## [DIRECTIONS]
After finding the line that holds "Camiseta de corrida" below, set down that line and the rest through the final one exactly, leaving the pictures out.

## [Source records]
# # #

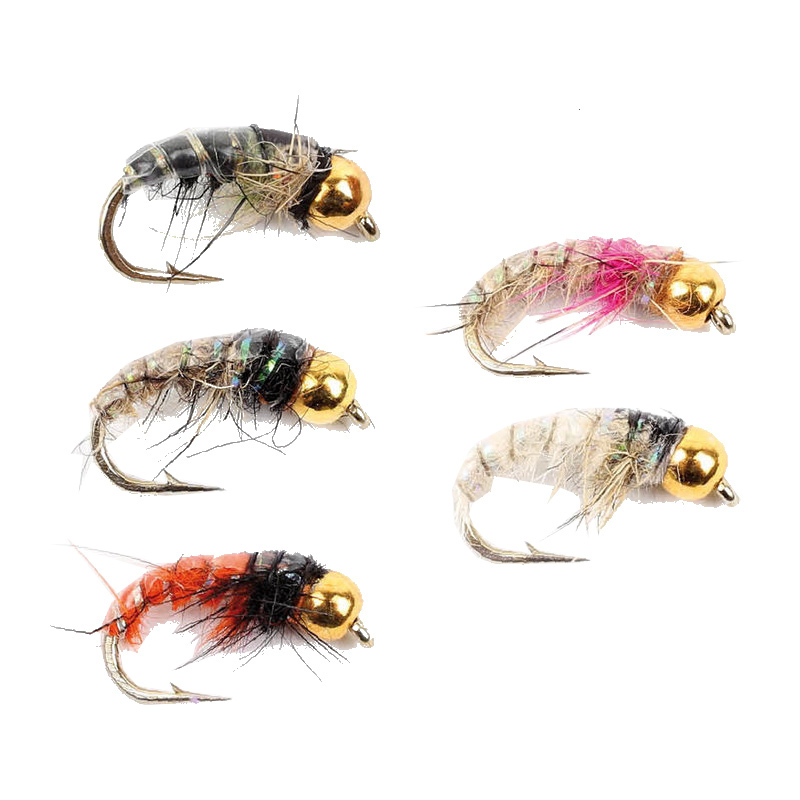 Gold Head Czech Nymphs 5-pack i gruppen Madding / Fluer / Nymfer hos Sportfiskeprylar.se (WFB1217)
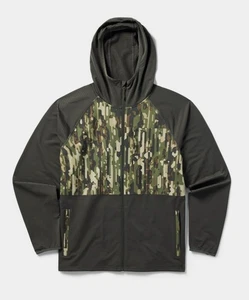 NEU Duck Camp M's Lightweight Grid Tech Fleece Full Zip in Raven/Woodland Medium - Bild 1 von 4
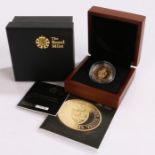 The Royal Mint 350th Anniversary of the Guinea 2013 UK £2 Gold proof, cased and capsule, numbered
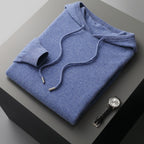 William | Men’s Spring Hooded Knit Pullover Sweater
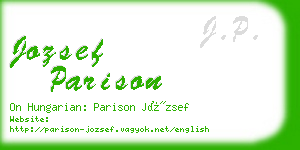 jozsef parison business card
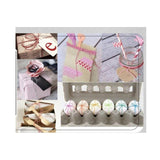 Maxbell 100 Meter/Roll Macrame Cord Rope Packing String for Wedding Cooking Bohemia White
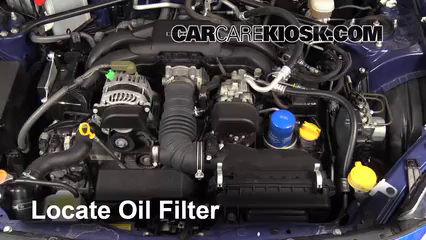 Oil & Filter Change Subaru BRZ (2013-2019) - 2013 Subaru BRZ Limited 2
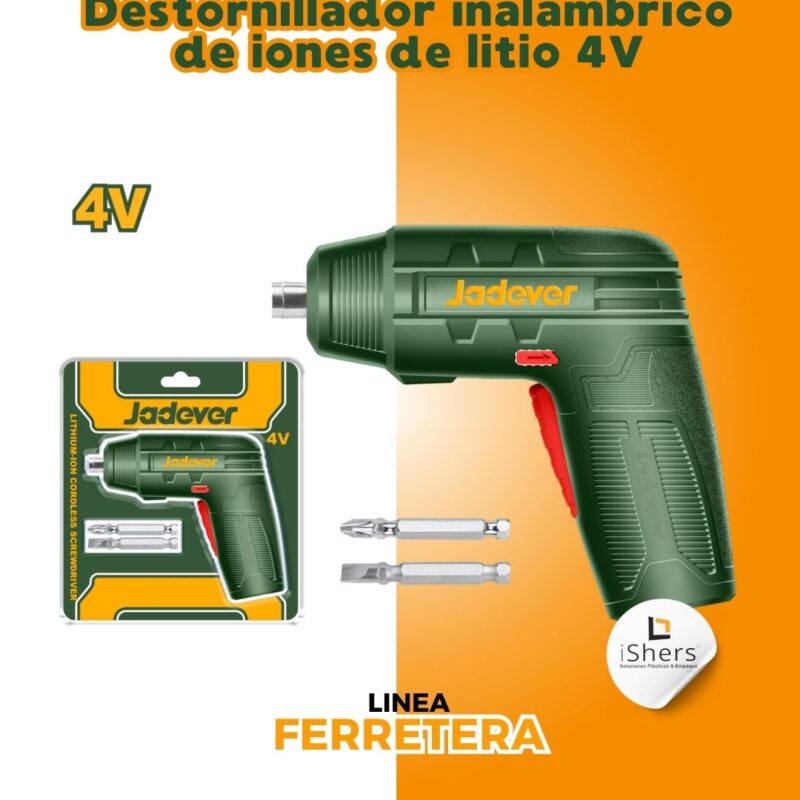 Destornillador Inalambrico 4V 1/4" 240 rpm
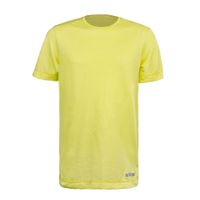 Camiseta de corrida masculina seca e respirável, amarelo-pastel, M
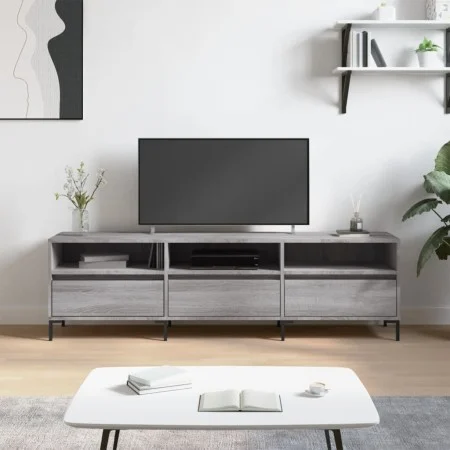 TV-Schrank aus grauem Sonoma-Sperrholz, 150 x 30 x 44,5 cm von vidaXL, TV-Möbel - Ref: Foro24-831290, Preis: 102,55 €, Rabatt: %
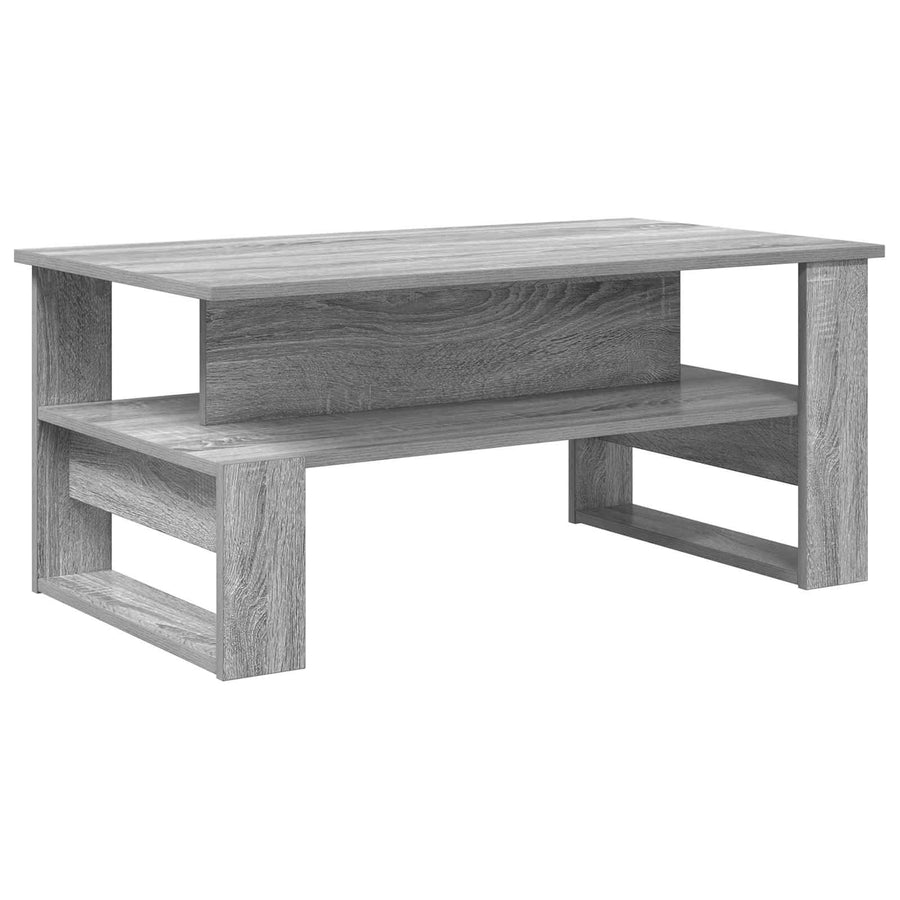 Salontafel Grijs Sonoma 90 x 50 x 40 cm Bewerkt hout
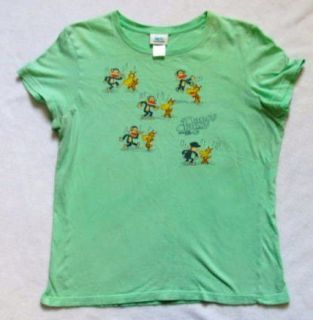 Mint Green Paul Frank Julius Dancy Clancy Giraffe Top T Shirt XL Extra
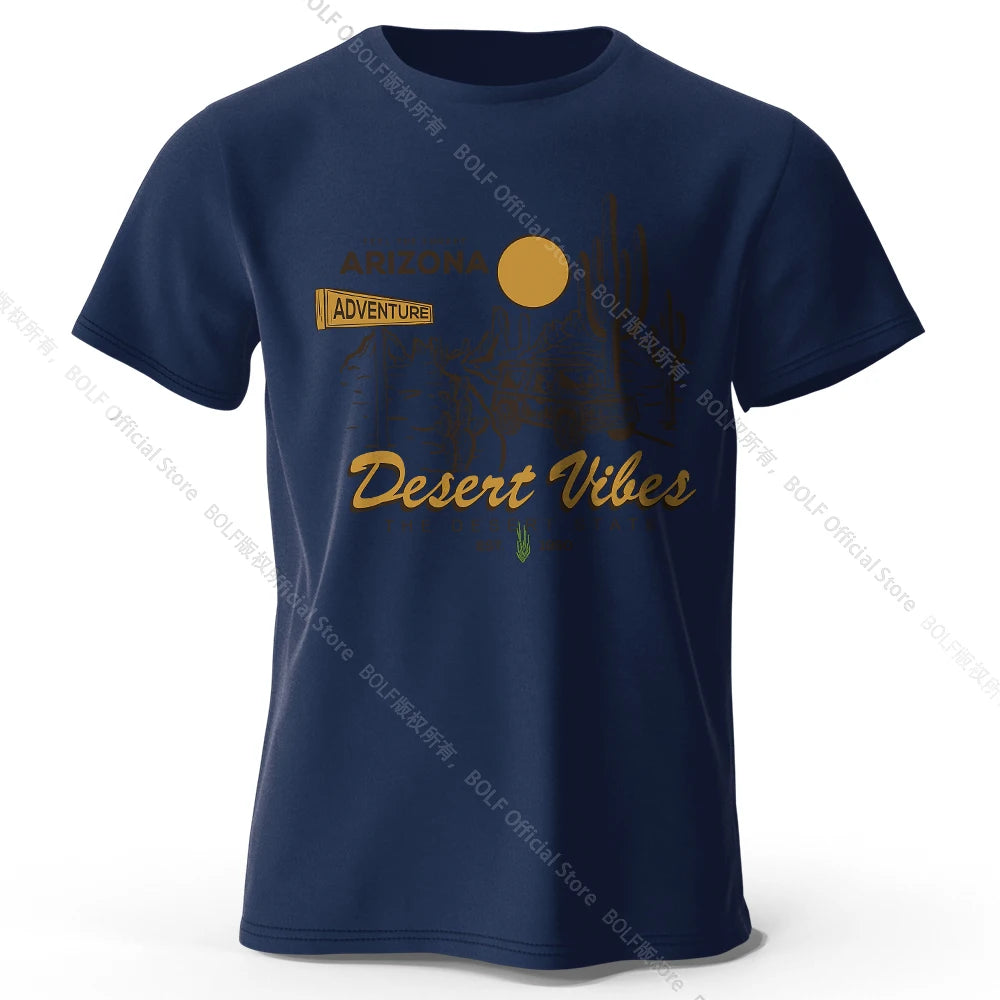 Desert Rally Retro 4x4 Printed Unisex Men Women T-Shirt Tees Tops 100% Cotton Dakar Race Graphic Dune Explorer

# # #

## [SOLUTION]
 Camiseta de corrida masculina seca e respirável, amarelo-pastel, M
 TV-Schrank aus grauem Sonoma-Sperrholz, 150 x 30 x 44,5 cm von vidaXL, TV-Möbel - Ref: Foro24-831290, Preis: 102,55 €, Rabatt: %
 Salontafel Grijs Sonoma 90 x 50 x 40 cm Bewerkt hout
 Mint Green Paul Frank Julius Dancy Clancy Giraffe Top T Shirt XL Extra
 Desert Rally Retro 4x4 Printed Unisex Men Women T-Shirt Tees Tops 100% Cotton Dakar Race Graphic Dune Explorer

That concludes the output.